Hay una ventaja, Dosmé, los capacitores quedan prácticamente sin contacto con las resistencias. Qué opinas de la cinta adhesiva resistente al calor. Impedirá la disipasión? Si la puedo utilizar soluciono muchos problemas de armado.


----------



## Cacho (Feb 27, 2011)

Pero urólogo, perdón, Uro Loco, si ponés un zócalo para chips de 8 patas pegado con plástico (ese de las barritas, común y corriente), separado lo suficiente de la placa y recién sobre él montás el TDA ya tenés solucionado el tema y como va a estar separado "lo caliente" del plástico, no habrá problemas.

O podés usar un zócalo para integrados de más patas (digamos que 16) y dos tornilitos, uno por lado, para fijarlo a la placa. Y si algo sale mal y vuela con ganas, cambiarlo es un quitipón nomás.

Ahora que sé que la línea azul no se conecta a masa, entonces a probar nomás.


----------



## Uro (Feb 27, 2011)

Cacho, realmente no veo el problema en el integrado. Lo veo en las figuras donde las resistencias tocan los capacitores. La parte superior del capacitor está descubierta, además sostenerlos en el aire implica adosarlos a las resistencias, es ahí donde necesito la cinta adhesiva para evitar contactos accidentales, o que el diseño me exija pegar el capacitor a la unión de dos resistencias. 

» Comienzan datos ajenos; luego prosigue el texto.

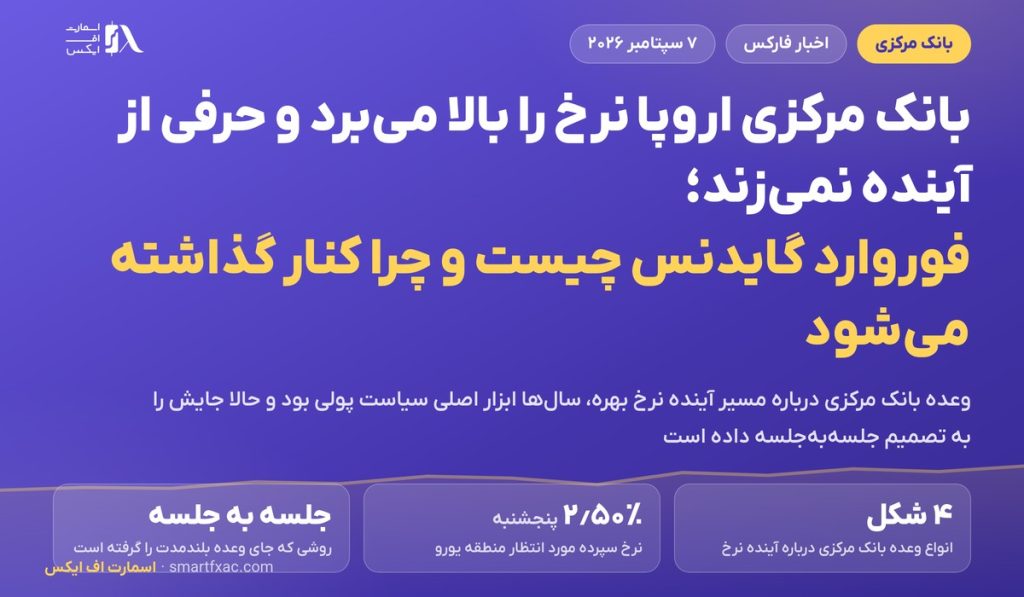 بانک مرکزی اروپا نرخ را بالا می‌برد و حرفی از آینده نمی‌زند؛ فوروارد گایدنس چیست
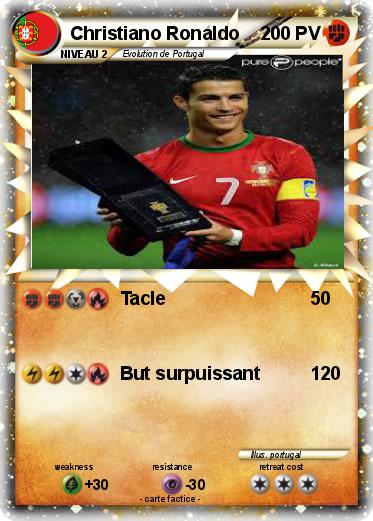 Pokemon Christiano Ronaldo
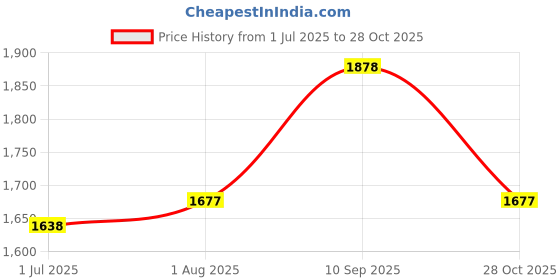 firstcry.com Mine4Nine Rayon Woven Half Sleeves Tropical Theme Printed Coordinating Maternity Kurta With Nursing Access & Pant Set - Olive Green mine4nine Price History Graph from 1 Jul 2025 to 28 Oct 2025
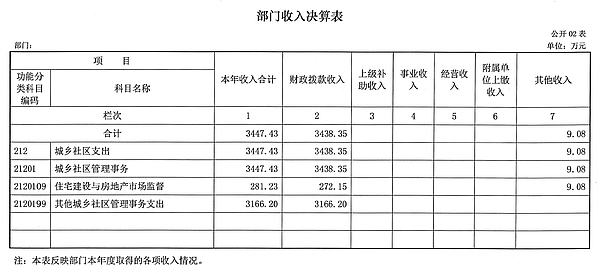 扫描0004.jpg 扫描0004.jpg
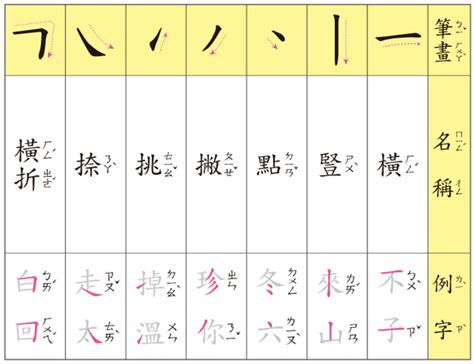 筆畫22的字|總畫數22畫的國字一覽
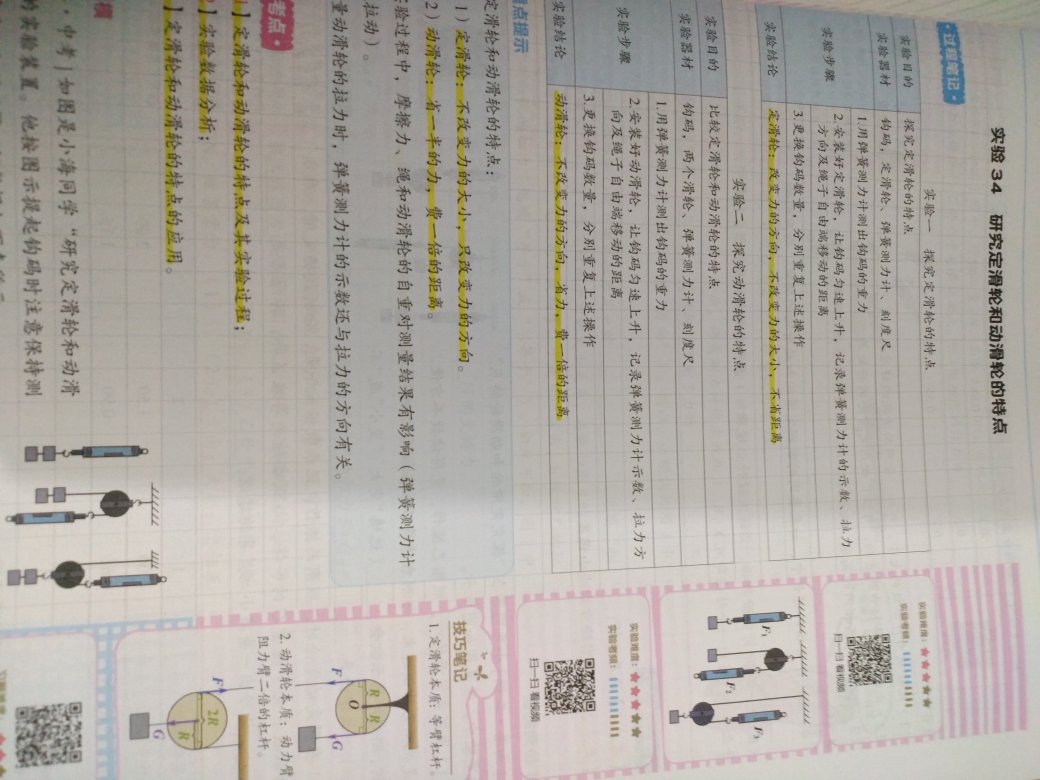 同学推荐的,都说里面的方法很不错,所以马上入手一本看看,刚好遇上打折促销,所以就买了一本看看,快递很快嘛。初中实验一直困扰着我。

En este ensayo tuve ese inconveniente. Utilicé cinta adhesiva corriente. Si hay calentamiento, puede haber contactos no convenientes puesto que esa cinta se despega con el calor.


----------



## Cacho (Feb 27, 2011)

Ahhhhhhhhhhh...
Como no veía la cinta muy evidente por ahí, supuse que era para fijar el integrado al PCB (no entendí a la primera lo que decías). De todas formas, en los patinadores no vas a tener prácticamente ningún calentamiento (y menos con el tamaño de resistencias que usaste para que dieran las proporciones bien), así que no es preocupante por ese lado. Inclusive una gota de plástico puede ir bien para eso que necesitás.

Saludos


----------



## Uro (Feb 27, 2011)

OK, Cacho. Estoy soldando en este momento el potenciómetro y los parlanticos. Haré la pruebaa. Cruza los dedos. No tengo cámara disponible por ahora, pero trataré de grabar sonido con un programilla de prueba que tengo por ahi, claro es sólo un minuto. Creo que con eso bastará. Luego nos comunicamos.

Gracias. Hasta pronto.
---------------------  20:21 hora colombiana
BIEN, BIEN!
Prueba satisfactoria. Un leve calentamiento en el intagrado. Sonido Algo chillón, pero lo atribuyo a que los parlanticos están fuera de la caja de resonancia. Llevo 10 minutos de prueba y todo bien. (Parlanticos de 8Ω-0,5W). La fuente de sonido que utilizo es el PC
--------------------- 21:55 hora colombiana
Hasta el momento todo bien. Nada de calentamiento.


----------



## DOSMETROS (Feb 28, 2011)

Bien che !


----------



## Cacho (Feb 28, 2011)

Urológicas felicitaciones, señor urólogo.

Saludos


----------



## Uro (Feb 28, 2011)

Gracias San Cacho, salgo para el otro. Espere las fotos.
Saludos


----------



## Black Tiger1954 (Feb 28, 2011)

Una duda: veo mal o esos patinadores están sin ropa?
Además no se sabe si son nena o nene, no vaya a ser que alguien lo tome como un artículo pornográfico!


----------



## Uro (Feb 28, 2011)

Respuesta para el felino grande de mente retorcida:  .  Son Cyborgman en cyborgwomen. (They have no sex)


----------



## Black Tiger1954 (Feb 28, 2011)

Ok, entonces me voy a bajar las fotos, imagino que son nenas y me "hago el bocho" jajajajaja.


----------



## Uro (Feb 28, 2011)

Aprecio un mejor sonido utilizando parlanticos de 1/4W, pero parce que se calienta un poco más el integrado. También aprecio mucho mejor sonido con parlanticos de 4Ω-1W pero hay mayor calentamiento. 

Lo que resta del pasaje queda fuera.